We have examined the Indenture, the form of global Series B note issued under the Indenture and such statutes, corporate records and documents of the Company and of the Subsidiary Guarantors, certificates of corporate officials of the Company and each of the Subsidiary Guarantors and of public officials and such other instruments and documents as we have deemed necessary or appropriate for the purposes of the opinions expressed herein.

 

Based upon the foregoing and subject to the qualifications, assumptions and other statements set forth herein, we are of the opinion that (i) upon issuance thereof in the manner described in the Registration Statement, the Exchange Notes will constitute valid and legally binding obligations, enforceable against the Company and the Subsidiary Guarantors in accordance with their terms, except as limited by bankruptcy, insolvency, fraudulent conveyance, fraudulent transfer, moratorium, reorganization and other similar laws of general application affecting the rights and remedies of creditors and by general principles of equity (regardless of whether enforceability is considered in a proceeding in equity or at law) and (ii) the Guarantees of each of the Subsidiary Guarantors will constitute valid and legally binding obligations, enforceable against the Subsidiary Guarantors in accordance with their terms, except as limited by bankruptcy, insolvency, fraudulent conveyance, fraudulent transfer, moratorium, reorganization and other similar laws of general application affecting the rights and remedies of creditors and by general principles of equity (regardless of whether enforceability is considered in a proceeding in equity or at law).

 

The opinions expressed above assume that the Exchange Notes issued under the Indenture have been duly executed, authenticated, issued and delivered in accordance with the provisions of the Indenture upon exchange for the 8% Series A Senior Notes due 2017 as provided for therein.


Hornbeck Offshore Services, Inc.

September 29, 2009

Page 2

 

Except as otherwise stated below, the opinions expressed herein are based upon, and limited to, the laws of the states of Texas and New York and of the United States and the Delaware General Corporation Law.
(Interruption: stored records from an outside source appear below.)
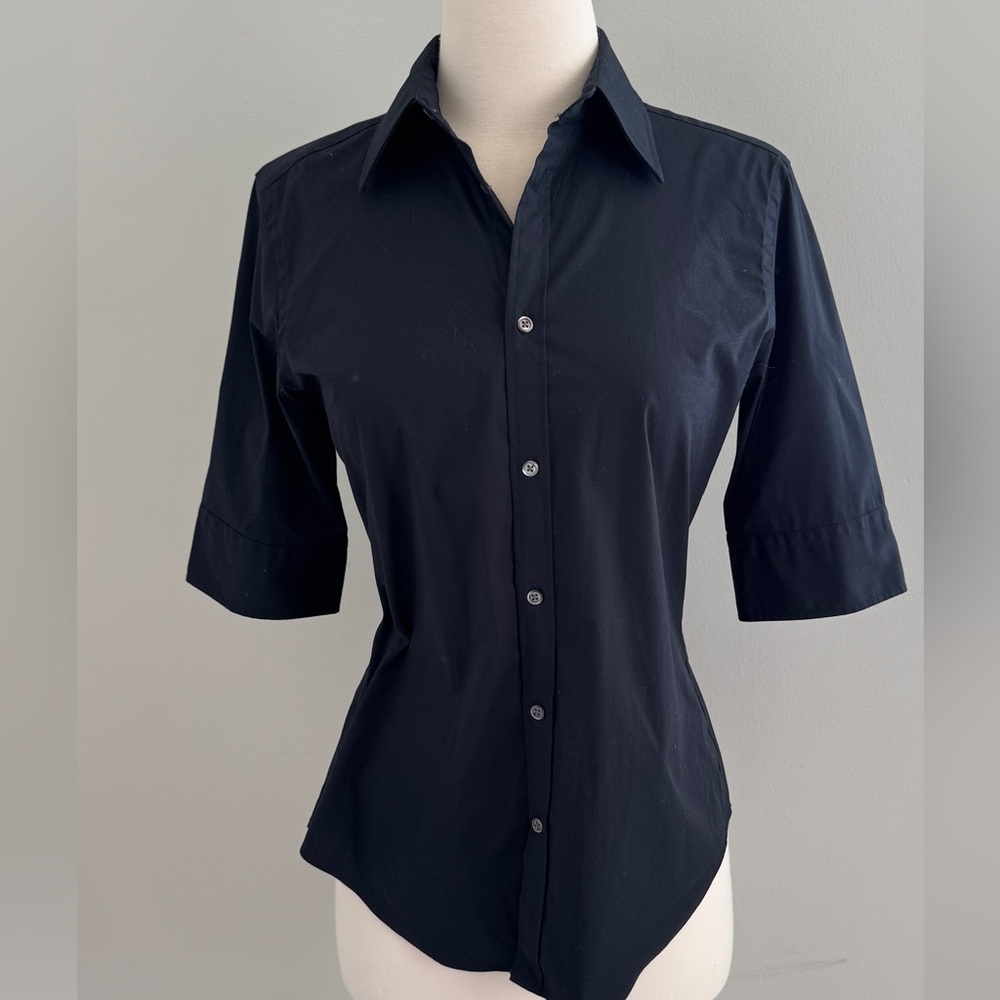 Vintage Ralph Lauren Blue Label Women Button Down Blouse Black Short Sleeve 8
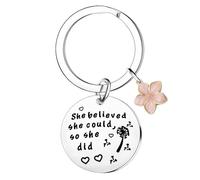 Tihnvk Inspirational Keyring for Women Graduation Gifts for Daughter Friends Sister She Believed She Could So She Did Keychain Congratulations Gift for Women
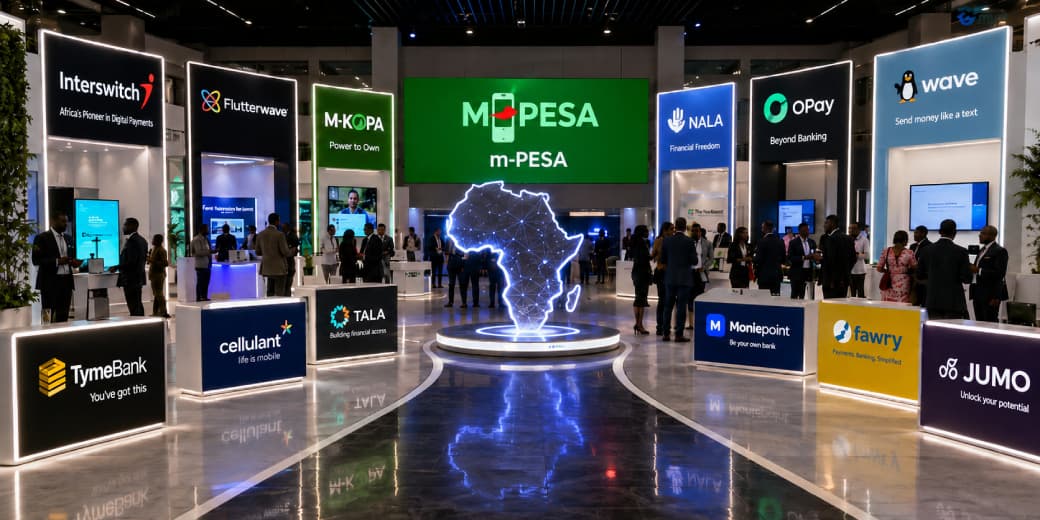 African fintech brands displayed around an exhibition floor. Credit: tecMAMBO.
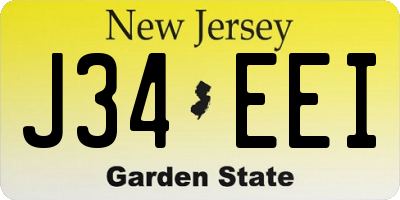 NJ license plate J34EEI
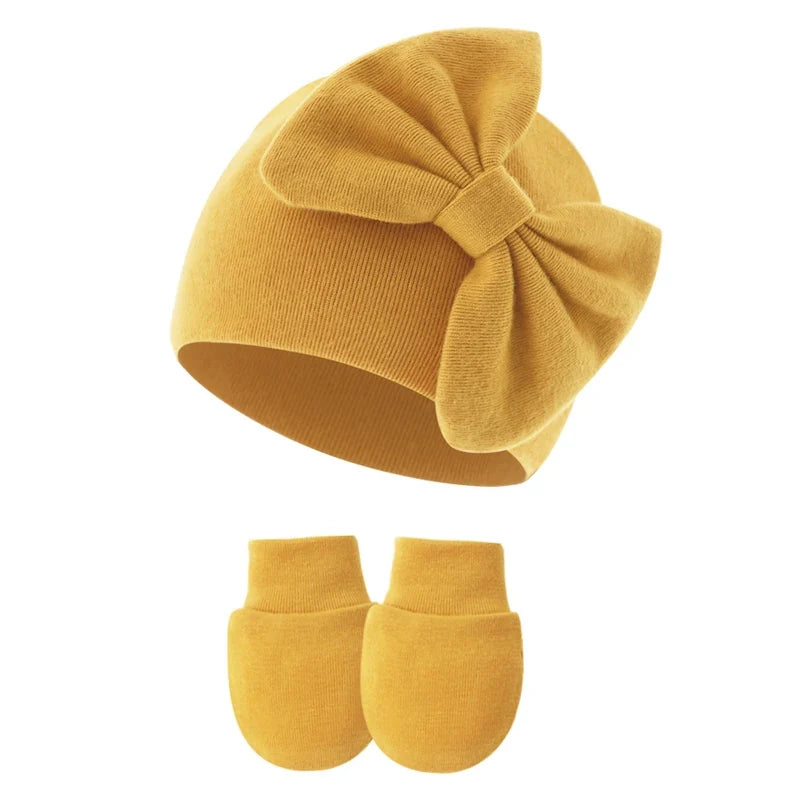 2Pcs Baby Girl Hat and Gloves Set | Newborn Princess Beanie with Big Bow for 0-6 Months
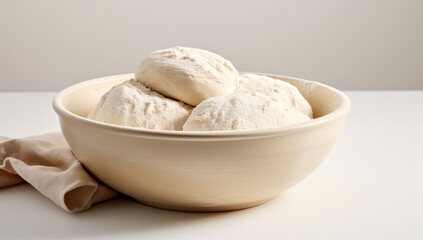 Rustic Dough in Bowl, Isolated for Food Photography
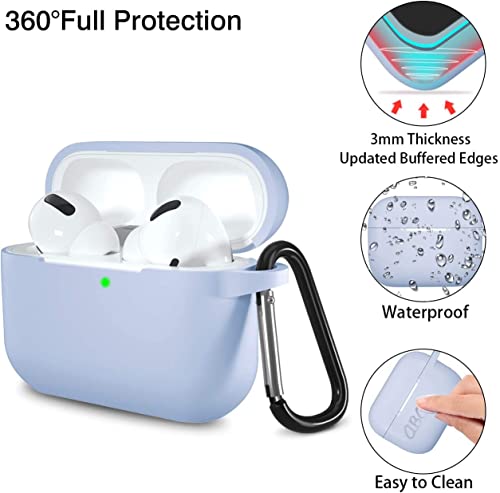 Lerobo for AirPod Pro Case, Soft Silicone Cover with Keychain, Lilac | Drop Protection, Scratch & Dust Resistant, Wireless Charging, Compatible with Apple AirPods Pro 2/1 Case Cover for Women Men - color: Lilac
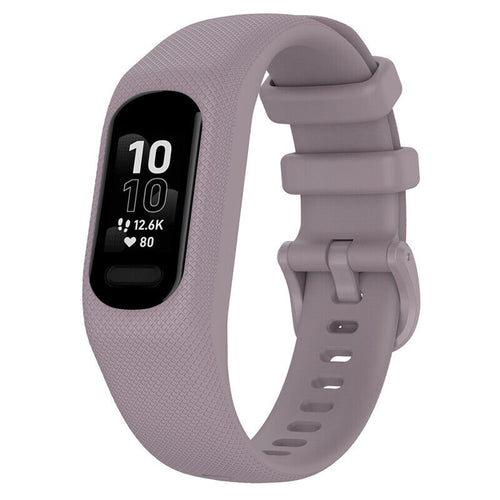 Silicone Strap, lavender, on a watch, 3/4 front view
The reference and limitation to “Delaware General Corporation Law” includes the statutory provisions and all applicable provisions of the Delaware Constitution and reported judicial decisions interpreting these laws. We do not undertake to provide any opinion as to any matter or to advise any person with respect to any events or changes occurring subsequent to the date of this letter.

 

The opinions expressed in this letter are provided as legal opinions only and not as any guaranties or warranties of the matters discussed herein, and such opinions are strictly limited to the matters stated herein, and no other opinions may be implied.

 

We are aware that we are referred to under the heading “Legal Matters” in the prospectus forming a part of the Registration Statement, and we hereby consent to such use of our name therein and the filing of this opinion as Exhibit 5 to the Registration Statement. In giving this consent, we do not hereby admit that we are within the category of persons whose consent is required under Section 7 of the Securities Act or the Rules and Regulations of the Securities and Exchange Commission promulgated thereunder.